Betty pointed to the back of the carriage as she described its former bedroom glory.
“The wardrobe was here, the single bed was down there and this was walking room.
“It was a beautiful sleep out too. The roof was covered with iron. Nothing was disturbed. The seats were still on the roof under the iron. Everything was as was, you know.”
Eldest brother John slept in the tram carriage until he married. It then became home, at various points in time, to his six younger brothers, before being donated to the Ballarat Tramway Museum in 1987.
If they hadn't have put it in their backyard with an iron roof over it, it would have disintegrated.Peter Waugh, Ballarat Tramway Museum marketing manager
Ballarat Tramway Museum founding member Richard Gilbert described first approaching the Levistons to enquire about the tram as nerve-wracking.

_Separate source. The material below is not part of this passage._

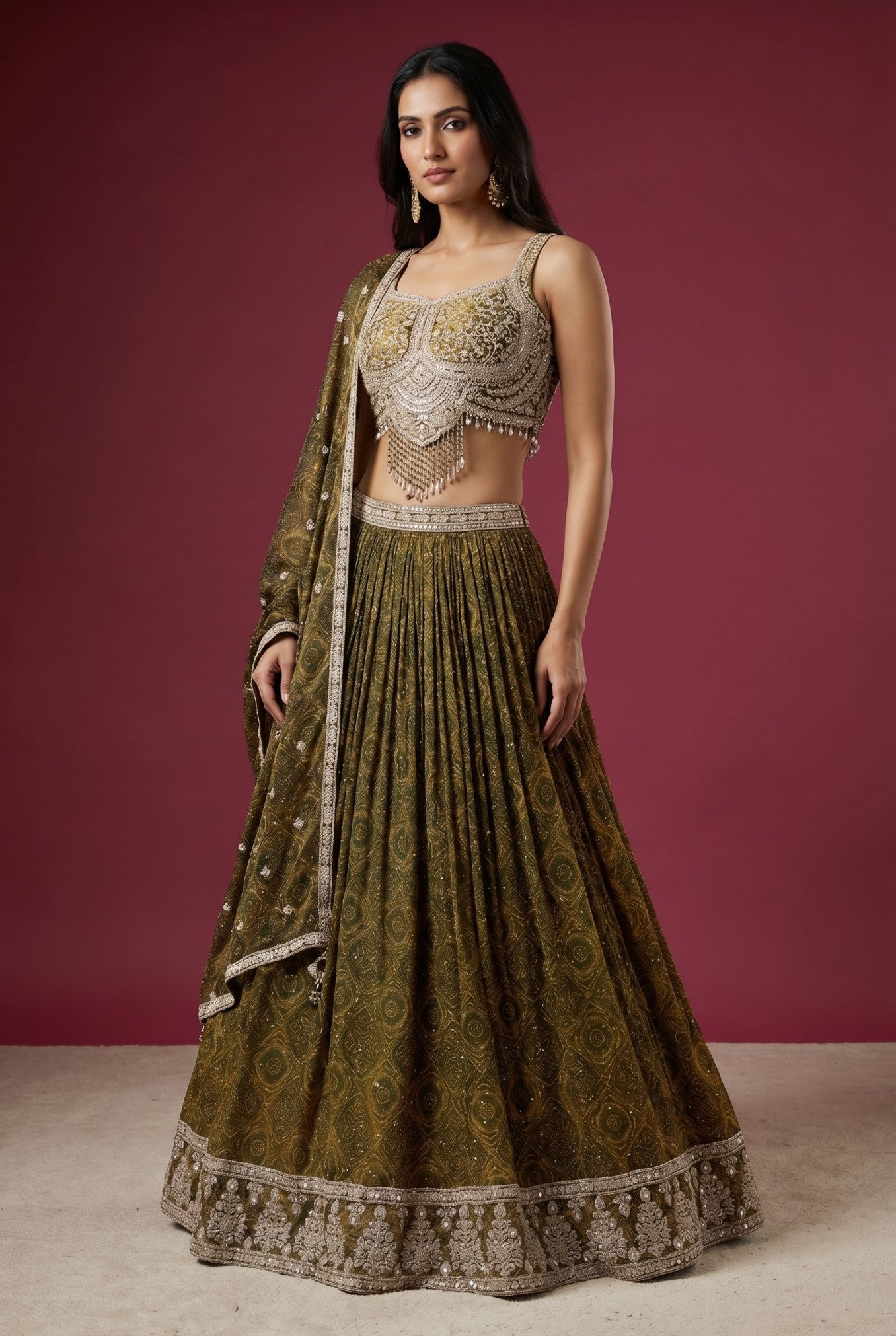 Green Bead Embroidered Crepe Reception Lehenga with Semi Sweet Heart Neck Blouse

“We knew it was there. One of our early members of the museum had pointed it out. We used to drive past it to have a look. One day we made the decision to front up to them and say we were interested in the horse tram. We didn’t know if we were going to have to leave in a hurry or be told to get off their property,” he laughs.
“They were actually very generous. Mr Leveston was involved in the railways and the signal engineering area, so he understood railways and tramways and the interest in the heritage.

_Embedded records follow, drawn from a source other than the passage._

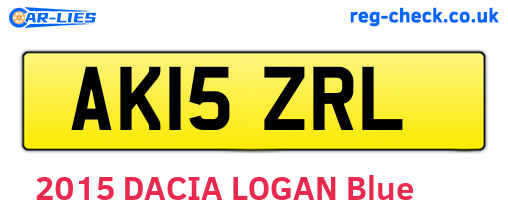 AK15ZRL are the vehicle registration plates.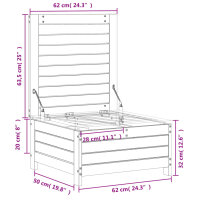 vidaXL Gartenhocker 62x63,5x32 cm Massivholz Douglasie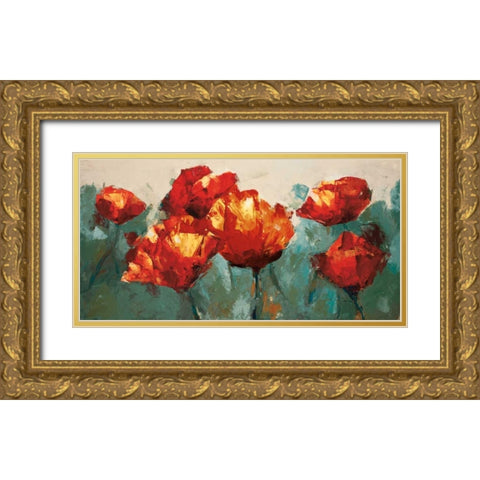 Poppies On Slate Gold Ornate Wood Framed Art Print with Double Matting by Colbert, Peter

“When we got it in 1985 we put it on a tandem trailer, drove it up Sturt Street past the Town Hall and brought it to the tram depot.”
There, a group of passionate volunteers began restoration work on the historic tram. They scrubbed away the paint to discover the number one written on the side, revealing its exciting history.

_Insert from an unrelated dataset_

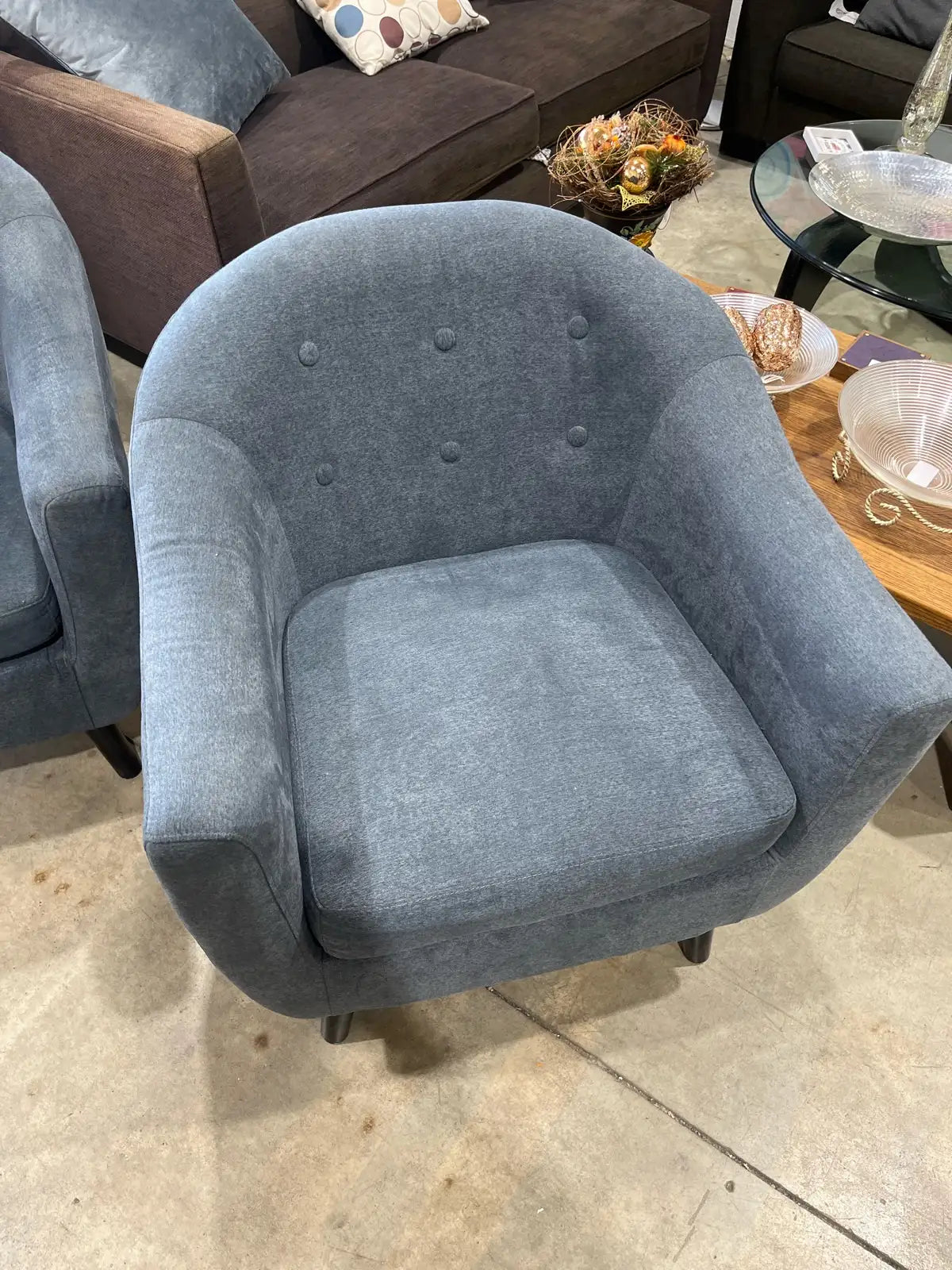 Set of two blue wingback chairs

“Number one was the only one that survived out of the 18 original horse trams,” Ballarat Tramway Museum volunteer Peter Waugh said.
“It is now the oldest operating tram in Australia.”
Horse trams operated throughout Ballarat until 1913, when electric trams were introduced. One of the original 18 trams was kept and used to store and transport the tram drivers’ bicycles.
“The tram drivers would come to work, put their bikes in here and it would be towed down to Grenville Street when they finished their shifts in the early afternoon and would pedal home. The new shift would come, put their bikes in the tram and they would take it back to the depot so they could pedal home when the trams returned,” Peter said.
Ballarat’s number one tram was built in Adelaide in 1887. It was used as a pattern car to build another 17 trams in Ballarat.
“In 1887, the tram tracks from the station to the gardens transported thousands of people every day,” Peter said.
“One report said 10,000 people were transported from the station to the gardens in one day. The tram company thought they were going to make a fortune. But it ended up costing more to feed the horses and keep it going than they were making.”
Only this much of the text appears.